Il doit être le patron de la défense des Bleus et si cela fut le cas lors du premier match face à l’Allemagne, Raphael Varane a semblé plus en difficulté ensuite face à la Hongrie quand son équipe a montré moins de maitrise. Lui aussi a semblé plus fébrile, moins dominateur dans ses duels, ses couvertures, et ses relances, mais globalement son association avec Presnel Kimpembe en défense centrale reste une satisfaction lors de cette phase de groupes. Raphaël Varane pourrait se montrer encore plus rassurant lorsque le bateau tangue légèrement, dans sa gestuelle corporelle notamment, mais il ne devrait pas être une source d’inquiétude à priori pour la suite de la compétition.

  • Antoine Griezmann :

Décisif face à la Hongrie grâce à son but égalisateur, dans un match où tous ses partenaires ont coulé, Antoine Griezmann reste l’un des patrons de cette équipe de France version Didier Deschamps. Ses deux autres matches face à l’Allemagne et au Portugal n’ont pas laissé un souvenir impérissable et il est largement capable d’en montrer encore davantage lors de la suite du tournoi. Précieux techniquement pour construire et amener les actions de son équipe, Griezmann est également capable de se projeter dans la surface adverse pour amener le surnombre et se montrer décisif comme ce fut le cas à Budapest.

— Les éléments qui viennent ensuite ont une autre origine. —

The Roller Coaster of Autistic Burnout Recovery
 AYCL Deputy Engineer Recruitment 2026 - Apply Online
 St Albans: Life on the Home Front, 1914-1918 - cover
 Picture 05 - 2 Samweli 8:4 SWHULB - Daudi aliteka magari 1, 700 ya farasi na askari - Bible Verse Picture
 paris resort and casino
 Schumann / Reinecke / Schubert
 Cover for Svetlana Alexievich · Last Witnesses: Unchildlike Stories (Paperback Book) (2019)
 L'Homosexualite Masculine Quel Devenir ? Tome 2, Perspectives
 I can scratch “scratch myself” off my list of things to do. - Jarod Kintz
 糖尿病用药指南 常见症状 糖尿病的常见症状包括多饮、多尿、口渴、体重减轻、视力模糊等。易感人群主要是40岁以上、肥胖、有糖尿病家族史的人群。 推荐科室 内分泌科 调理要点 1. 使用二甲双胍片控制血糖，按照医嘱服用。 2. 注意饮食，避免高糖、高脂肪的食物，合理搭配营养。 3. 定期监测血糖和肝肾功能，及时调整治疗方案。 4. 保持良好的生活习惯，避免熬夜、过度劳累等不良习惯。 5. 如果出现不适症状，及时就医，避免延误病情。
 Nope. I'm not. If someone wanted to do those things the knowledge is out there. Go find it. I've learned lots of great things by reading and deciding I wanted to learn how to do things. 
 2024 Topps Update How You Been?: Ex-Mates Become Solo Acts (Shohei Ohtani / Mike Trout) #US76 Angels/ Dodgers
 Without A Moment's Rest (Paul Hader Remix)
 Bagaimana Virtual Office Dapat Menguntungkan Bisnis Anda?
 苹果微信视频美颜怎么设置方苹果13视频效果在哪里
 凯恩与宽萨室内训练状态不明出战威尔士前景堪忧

Peut-être encore à la recherche de ses repères avec l’arrivée de Karim Benzema qui décroche beaucoup dans sa zone, trop peut-être pour l’instant, Griezmann reste un maillon fort du 11 de départ des Bleus et doit entamer une montée en puissance pour se montrer à nouveau décisif sur la suite de la compétition.

  • N’Golo Kanté :

Il aurait parfaitement pu se trouver dans la liste des bonnes surprises à l’issue de cette phase de groupes des Bleus, mais N’Golo Kanté nous a habitué à un niveau si élevé que ce soit en Bleu ou en club que les attentes sont désormais conséquentes. Après une longue saison à Chelsea qui l’aura vu mener les Blues sur le toit de l’Europe, on sent Kanté encore dans la réserve même si son apport se fait déjà sentir. Il est le Bleu qui a le plus couru lors des trois premiers matches (32 kilomètres), il récupère toujours un nombre intéressant de ballons grâce à son activité, mais c’est dans ses projections vers l’avant qu’il pourrait encore se montrer plus tranchant pour percer les lignes adverses et amener le surnombre. Nul doute qu’il répondra présent face à la Suisse et pour la suite de l’Euro, et il est de toute façon d’ores et déjà l’une des pièces essentielles de cette équipe de France.